Exactly how much damage did John Bolton do during his tenure at the United Nations? Let us count the ways.

While he almost certainly shares the neocons' bedrock contempt for international law and the UN, Khalilzad does not carry Bolton's baggage: decades of obsessive fulmination against the international body. As a Muslim of Afghan descent who possesses more social and diplomatic graces than his predecessor, he will probably do a better job of advancing the White House agenda.

Progressives who called for the dismissal of Bolton might have crossed their fingers and hoped he stayed. After all, do we really want an effective diplomat representing the Bush-Cheney agenda? Much better, surely, to have an ineffective bully and blowhard who provokes opposition than someone who has charm and diplomatic skills. We may now be seeing that experiment in real time.

But Khalilzad's appointment leaves open the question of who will be the next US nominee to high office in the UN. It was rumored that he was under consideration to be under secretary general for political affairs, and the United States had expressed interest in taking over the position as head of peacekeeping.

The French seem to think that they have a lock on peacekeeping... but then the British thought that their man John Holmes was on the trail for that or political affairs until he ended up in the important but less politically sensitive position heading humanitarian affairs, so there may be room for disappointment. Maybe Paris misinterpreted Ban Ki-moon's still-less-than-perfect French? Perhaps to ward off American interest, Ban has reportedly been considering splitting the responsibilities of peacekeeping between its administrative and logistical side and the more overtly political aspects.

There still may be the chance for a nightmare scenario in which Bolton is nominated for one of the presumed American senior positions in the UN hierarchy. I advance this theory for several reasons: The Bush Administration is arrogant and/or stupid enough to try such a stunt, and Bolton is obsessive enough about the UN to seek another post. But my main reason for raising it is prophylactic--the hope that people will be so horrified at the thought that they will not let it happen. (Note that these positions are not subject to confirmation by the US Senate since they are technically made by the secretary general. It is considered polite for everyone to pretend not to notice US arm-twisting when the Secretary General makes his decision..)

However, we should not get too personal about Bolton. It would be a disaster for the United Nations and the United States to have any American identified with this White House (or for that matter the previous one) heading such crucial departments.

Indeed, Britain's recent close proximity to US positions probably counted against the appointment of Holmes to the peacekeeping post.
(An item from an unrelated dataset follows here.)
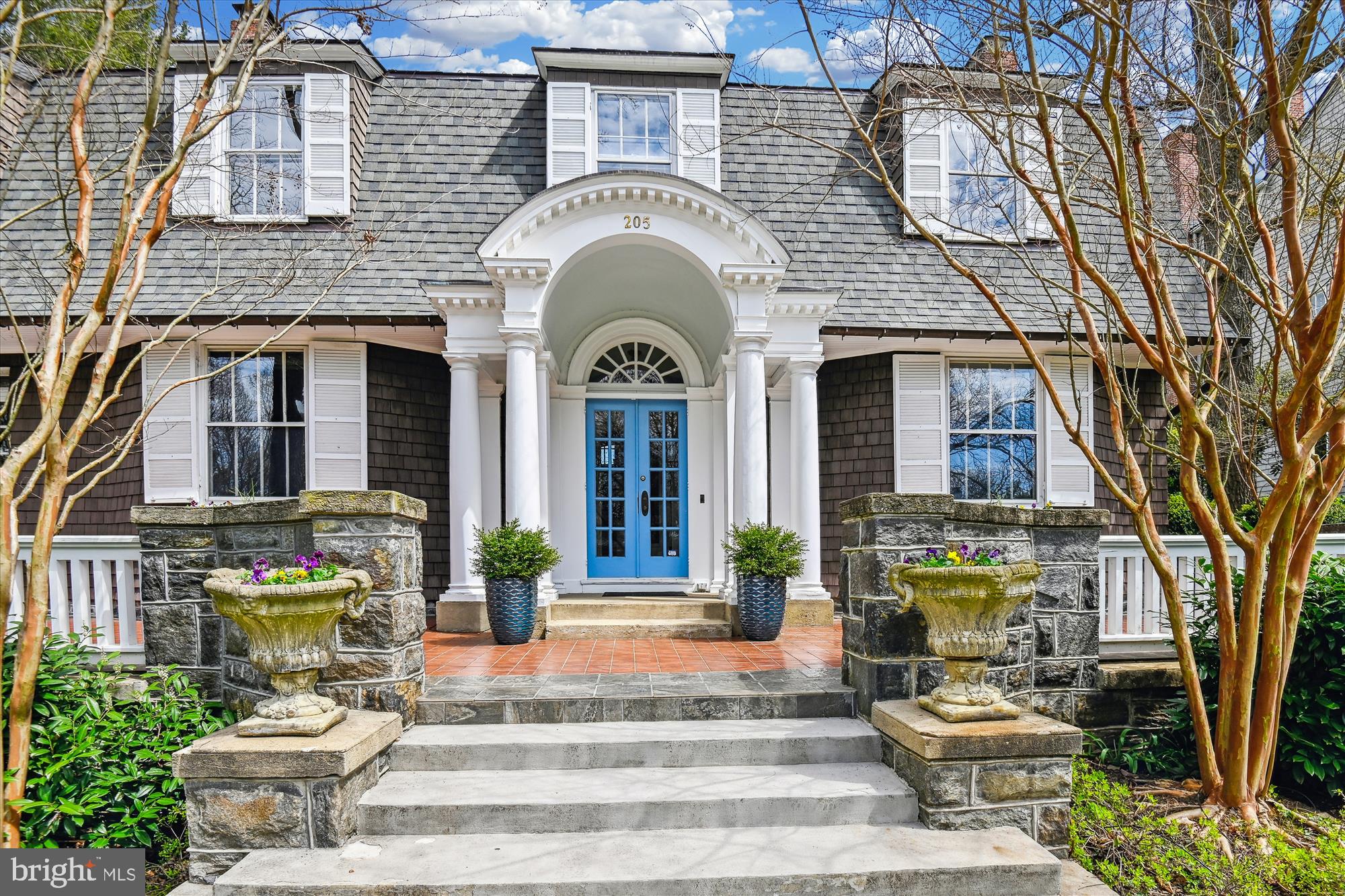 205 Ridgewood Rd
The advantage of the UN for rational American policy is not only that it provides a global legion of sepoys to carry out duties that would swamp the US military. An independent globally respected body can implement resolutions, even American-inspired ones, while one that is overtly American-dominated would have far less credibility. Indeed, the perception of following narrow American interests that would accompany almost any conceivable nomination from this Administration would put UN staff and peacekeepers across the world at considerable risk.

For all the complaints from Republicans in Congress, Washington has always had far more say in the UN than is good for the organization, and while on one level such senior appointments would line up perceptions with reality, they would reap no benefits for anyone.

If Ban Ki-moon thinks that putting a US-approved appointee in such jobs will insulate the organization from criticism, he should consider that American presidential-patronage nominees have been in charge of UN management for fifteen years of unrelenting American media and Congressional criticism of UN management.

In fact, the first item of any serious reform of the UN was already derailed by the United States with the enforced appointment of Josette Sheeran Shiner as head of the World Food Program, which rescinded Kofi Annan's already belated declaration of personnel independence.

Ban Ki-moon was off to a good start in reclaiming that lost ground by appointing two women--Alicia Bárcena of Mexico to the traditionally US-held position of under secretary general for management, and Dr. Asha-Rose Migiro of Tanzania (hitherto foreign minister) as his deputy, replacing Mark Malloch Brown, the retiring British incumbent.

Let us hope he intends to keep it up.